Yes, momentum is conserved. Use that to figure out the velocity of the first guy after the collision.
 
  • #5
Doc Al said:
Yes, momentum is conserved. Use that to figure out the velocity of the first guy after the collision.

so...

m1v1 + m2v2 = m1v1` + m2v2`
(80 kg)(7.5 m/s [E20S] = (80kg)(V1`) + (90 kg)(3 m/s[N30E])
600 kgm/s [E20S] = (80kg)(V1`) + 270 kgm/s [N30E]
600 kgm/s [E20S] - 270 kgm/s [N30E]
563.8155 kgm/s[E]+205.212086 kgm/s+233.826 kgm/s+135 kgm/s[W] = (80kg)(V1`)
428.8155 kgm/s[E] + 439.038086 kgm/s = (80kg)(V1`)
613.44 kgm/s [S44.3E] = (80kg)(V1`)
7.668 m/s [S44.3E]

But why can't i just simple use this equation
1/2m1v1^2 = 1/2m1v1`^2 + 1/2m2v2`^2
This way i don't have to use the orientation since its scaler
 
  • #6
Lolagoeslala said:
But why can't i just simple use this equation
1/2m1v1^2 = 1/2m1v1`^2 + 1/2m2v2`^2
This way i don't have to use the orientation since its scaler
You can't use it because it's not true. In general, kinetic energy is not conserved in a collision. (When it is conserved, it's called a perfectly elastic collision.) But momentum is always conserved.
 
  • #7
Doc Al said:
You can't use it because it's not true. In general, kinetic energy is not conserved in a collision. (When it is conserved, it's called a perfectly elastic collision.) But momentum is always conserved.

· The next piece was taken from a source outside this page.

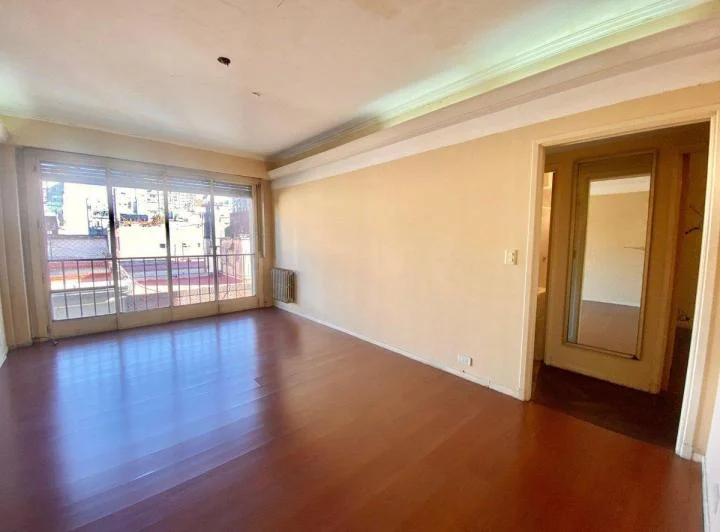 VENTA SEMIPISO 3 AMB. CON DEPENDENCIA. SAN NICOLÁS 3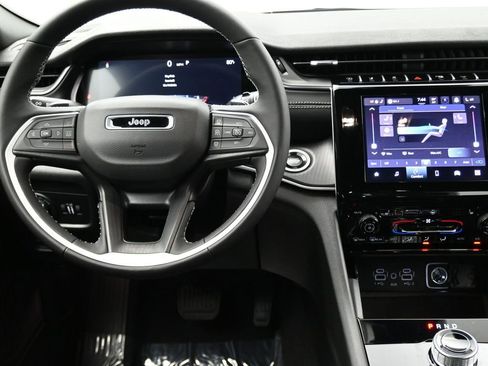New 2025 Jeep Grand Cherokee L Altitude image 32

Im confused... so for the kinetic energy it is the work being done...
after the collision wouldn't the work be transferred into some other energy?
 
  • #8
Lolagoeslala said:
Im confused... so for the kinetic energy it is the work being done...
after the collision wouldn't the work be transferred into some other energy?
The kinetic energy 'lost' in the collision is transformed to other forms of energy, such as 'heat'.
 
  • #9
Doc Al said:
The kinetic energy 'lost' in the collision is transformed to other forms of energy, such as 'heat'.

yes... so
why can't i use the equation for kinetic energy
is it because some of the energy has been used for other energies?
 
  • #10
Lolagoeslala said:
yes... so
why can't i use the equation for kinetic energy
Because kinetic energy is not conserved. (Total energy including everything is always conserved, but you have no way of using that fact.)
is it because some of the energy has been used for other energies?
That's right.
 
  • #11
Doc Al said:
Because kinetic energy is not conserved. (Total energy including everything is always conserved, but you have no way of using that fact.)

That's right.

oh ok ... thanks :D
 
  • #12
Doc Al said:
Because kinetic energy is not conserved. (Total energy including everything is always conserved, but you have no way of using that fact.)

That's right.

Umm how would i find the kinetic lost during the collision in percentage?
 
  • #13
Lolagoeslala said:
Umm how would i find the kinetic lost during the collision in percentage?
Calculate the total kinetic energy before and after the collision. Subtract to find the change.
 
  • #14
Doc Al said:
Calculate the total kinetic energy before and after the collision. Subtract to find the change.

so...

Ek1 = 1/2m1v1
Ek2 = 1/2m1v1`^2 + 1/2m2v2`^2

Ek1= 1/2(80kg)(7.5m/s)^2
Ek1= 2250 J

Ek2= 1/2m1v1`^2 + 1/2m2v2`^2
Ek2= 1/2(80kg)(7.668 m/s)^2 + 1/2(90kg)(3 m/s)^2
EK2= 2351.92896 J + 405 J
Ek2= 2756.92896 J

Ek2 - Ek1
506.929 J

But this does not seem right..
and how would i get this into percentage?
 
  • #15
I suspect that your calculation of the velocity is wrong. Redo your conservation of momentum work. I suggest that you write separate equations for North and East components of momentum.
 
  • #16
Doc Al said:
I suspect that your calculation of the velocity is wrong. Redo your conservation of momentum work. I suggest that you write separate equations for North and East components of momentum.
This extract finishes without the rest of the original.